EDIT: aha, yes, this doesn't work because the we need the album id, not the album name, so we have to find some way of the upload file tasks knowing the album id...

Continued EDIT:

and so a way to do this is probably to have the create album task spawn upload photo tasks with the correct album id in when it completes successfully. (and we can avoid the create album task altogether and go straight to upload if the configuration specifies it)

grumpyjames commented 4 years ago

I've had a go at this here:

https://github.com/grumpyjames/gphotos-uploader-cli/commit/ff18a38e408d4ed74f8a892af47ad3a9cd133ac0

If we like this approach...I can probably try and put some tests around it (and fix the ones I broke!) Alternatively, feel free to use it as inspiration in your own change Or if we hate it, please feel free to ignore it altogether :-)

pacoorozco commented 4 years ago

I'm trying to fix it using a different approach, caching album information (mainly Id) to avoid Google Photos inconsistency on album creation. And for free, it's reducing the number of calls to Google Photos.

@grumpyjames can you review it, please: #222

pacoorozco commented 4 years ago

The work is already done here. I'm going to release v2 of the package and then I will modify gphotos-uploader-cli to use it.

The v2 has a lot of improvements in performance and error handling. It's using a cache to reduce the number of calls to Google Photos and to fix this error too.
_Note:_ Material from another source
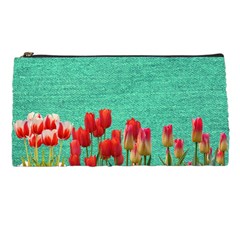 Green Denim Flowers Pencil Cases by snowwhitegirl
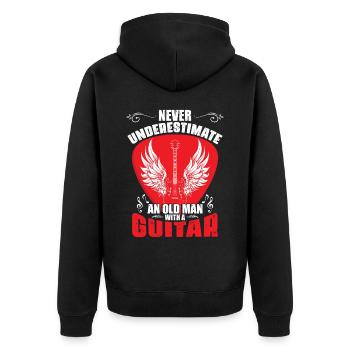 Unterschätze niemals einen alten Mann mit einer Gitarre - Unisex Premium Bio Zip Hoodie - Schwarz - Hinten - Nico (187cm)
pacoorozco commented 4 years ago

This bug should be fixed on the last version, can you confirm it?

jendrikseipp commented 3 years ago

I'm using v2.0 and I'm getting lots of duplicate album titles. The fix above (https://github.com/gphotosuploader/gphotos-uploader-cli/issues/192#issuecomment-667660880) still works (with go 1.13), but obviously it would be nice not to have duplicate album names in the first place. (Apart from this, the app works really well, thanks!)

pacoorozco commented 3 years ago

Hi @jendrikseipp

Apologies for the behavior. Can you send me some logs of the CLI with debug mode enabled to understand better what is happening?

Thanks in advance

jendrikseipp commented 3 years ago

Thanks for looking into this! I sent you the debug log in an email.